Avoiding Compliance Pitfalls

Even with a strong strategy and advanced tools, challenges can arise. Addressing these proactively is key to staying on track.

Challenge Mitigation Strategy
Resource Underestimation Conduct a thorough resource assessment and keep a contingency budget
Inadequate Training Offer role-specific training and provide regular updates
Poor Documentation Set clear documentation standards and review them regularly
Technology Gaps Invest in the right tools and ensure systems work together seamlessly

"Financial entities should understand the importance of DORA's RTS and ITS, and the need for comprehensive compliance strategies. Regular monitoring and review of compliance strategies are crucial to ensure ongoing adherence to DORA's requirements" [3][4].

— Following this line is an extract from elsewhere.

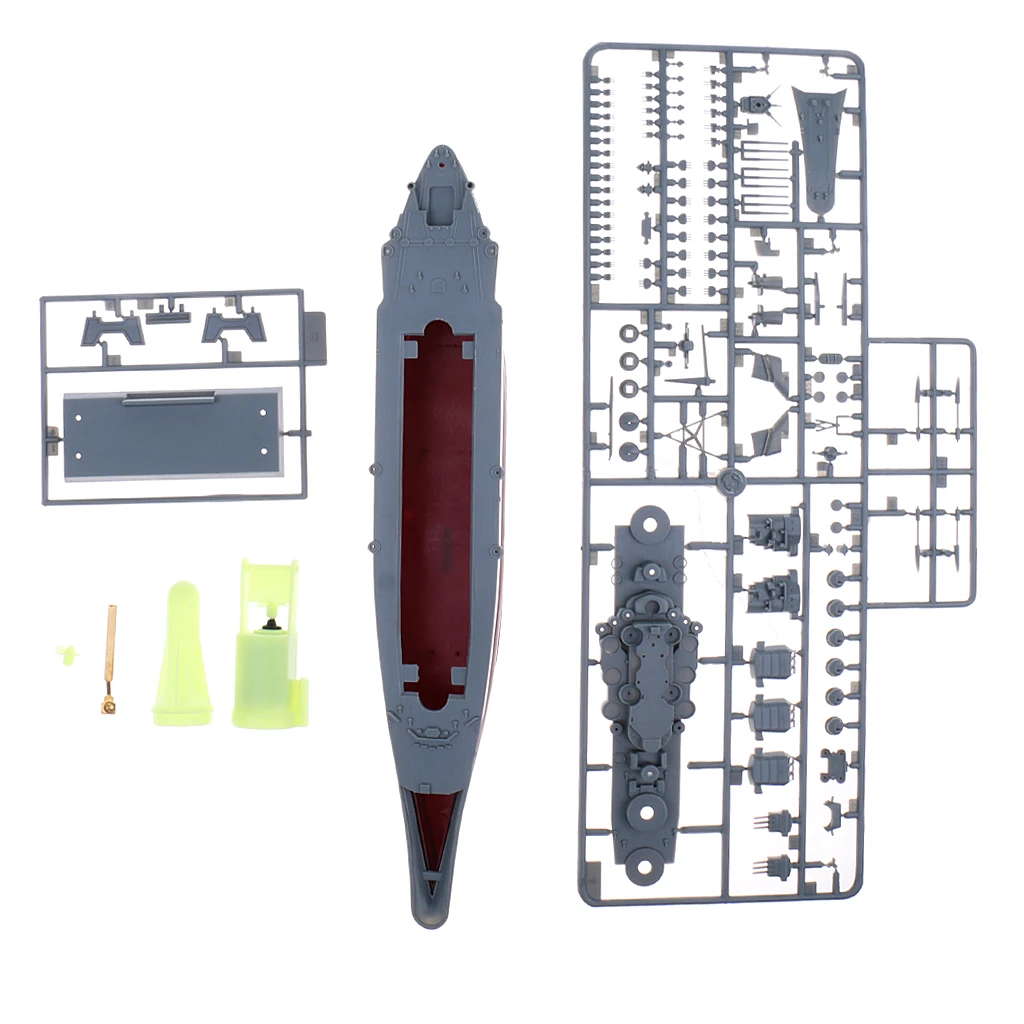 1/700 японский Yamato линкор 1940 пластиковые сборочные модели наборы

Finally, documenting every step - whether it's incident management, control implementation, or policy updates - is essential to prove compliance to regulators.

Conclusion: Preparing for DORA's RTS and ITS

Key Takeaways

DORA's RTS and ITS introduce new standards for managing digital resilience in financial entities. According to Deloitte's study spanning 20 European countries, only 29% of financial entities surveyed had clear plans for DORA compliance [1]. This highlights an urgent need for action, especially since effective resilience strategies can save organizations $48 million annually by reducing downtime [2].

Financial entities must move quickly to meet the January 2025 deadline.

Next Steps for Financial Entities

The European Supervisory Authorities emphasize that DORA provides no grace period, making timely compliance essential [5].

To prepare, organizations should:

  • Complete third-party registers by April 2025, focusing on critical providers.
  • Ensure ICT risk management systems align with DORA's requirements.
  • Develop and implement resilience testing protocols.